When you reach the line containing "Close up view" in the entries below, begin reproducing lines exactly, and stop once the line containing "beam-cutting-a-metal-plate-in-slow-motion" is done.

Material supplied:
+ + + + +
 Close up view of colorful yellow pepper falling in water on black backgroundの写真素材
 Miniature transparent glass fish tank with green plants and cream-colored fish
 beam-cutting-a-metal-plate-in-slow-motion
+ + + + +
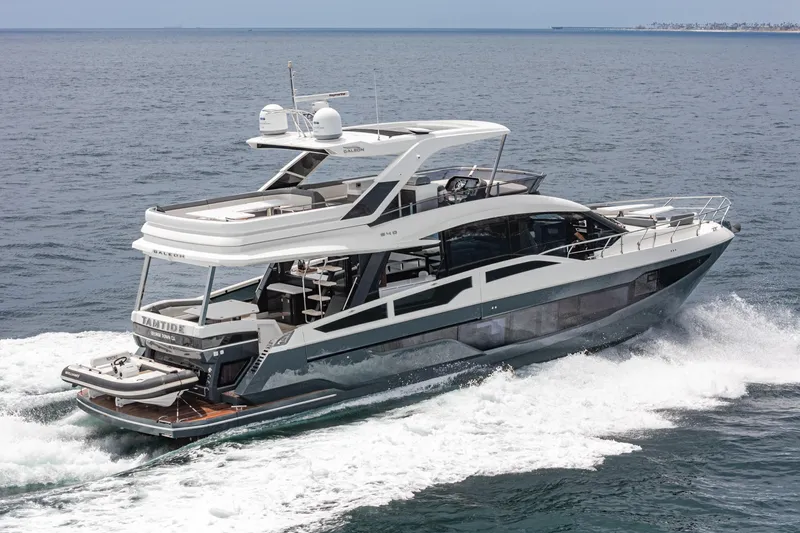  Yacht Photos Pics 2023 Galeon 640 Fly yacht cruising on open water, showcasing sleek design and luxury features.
+ + + + +
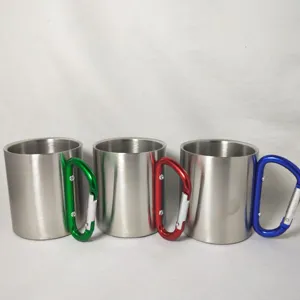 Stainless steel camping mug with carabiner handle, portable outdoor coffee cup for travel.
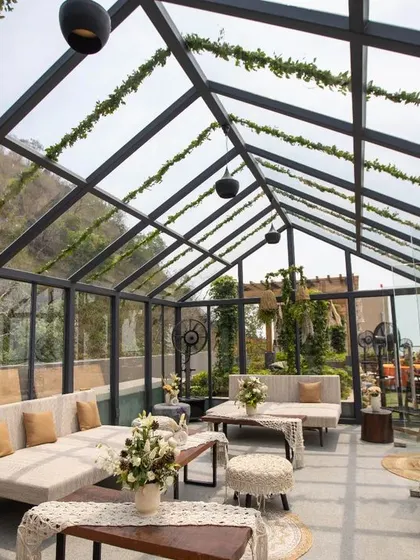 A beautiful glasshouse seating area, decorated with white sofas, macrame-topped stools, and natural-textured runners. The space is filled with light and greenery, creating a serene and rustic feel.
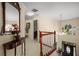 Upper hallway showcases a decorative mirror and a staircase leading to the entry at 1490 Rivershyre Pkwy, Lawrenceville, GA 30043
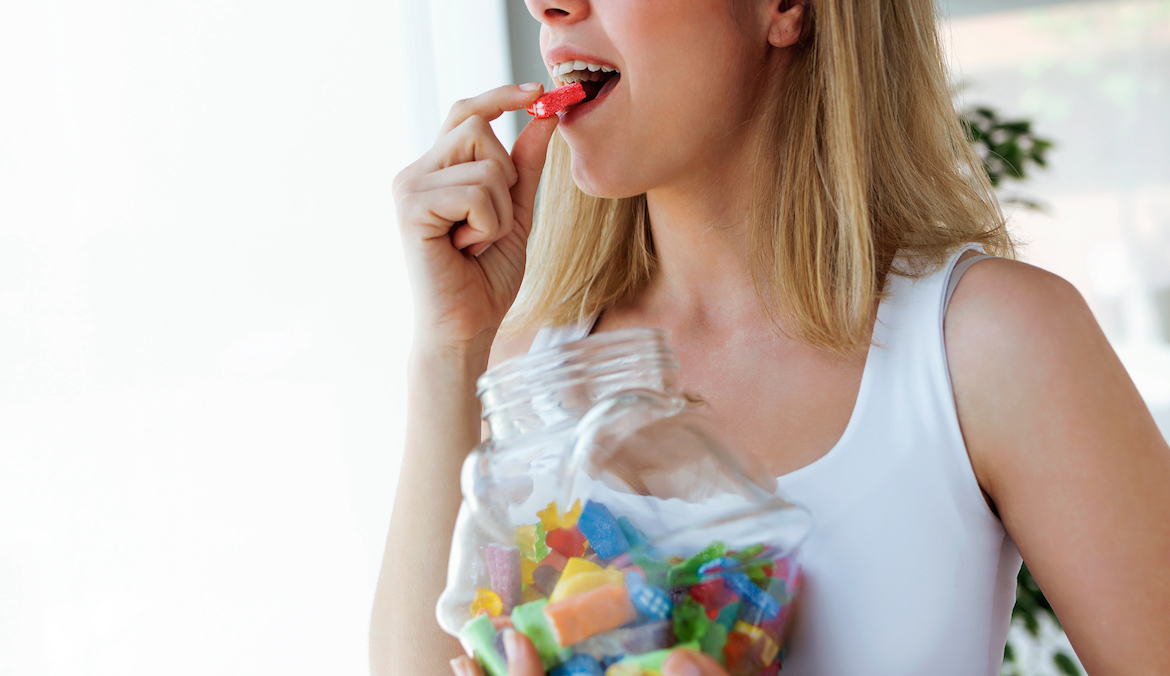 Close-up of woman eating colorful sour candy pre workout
+ + + + +
Finished exercise:
 Close up view of colorful yellow pepper falling in water on black backgroundの写真素材
 Miniature transparent glass fish tank with green plants and cream-colored fish
 beam-cutting-a-metal-plate-in-slow-motion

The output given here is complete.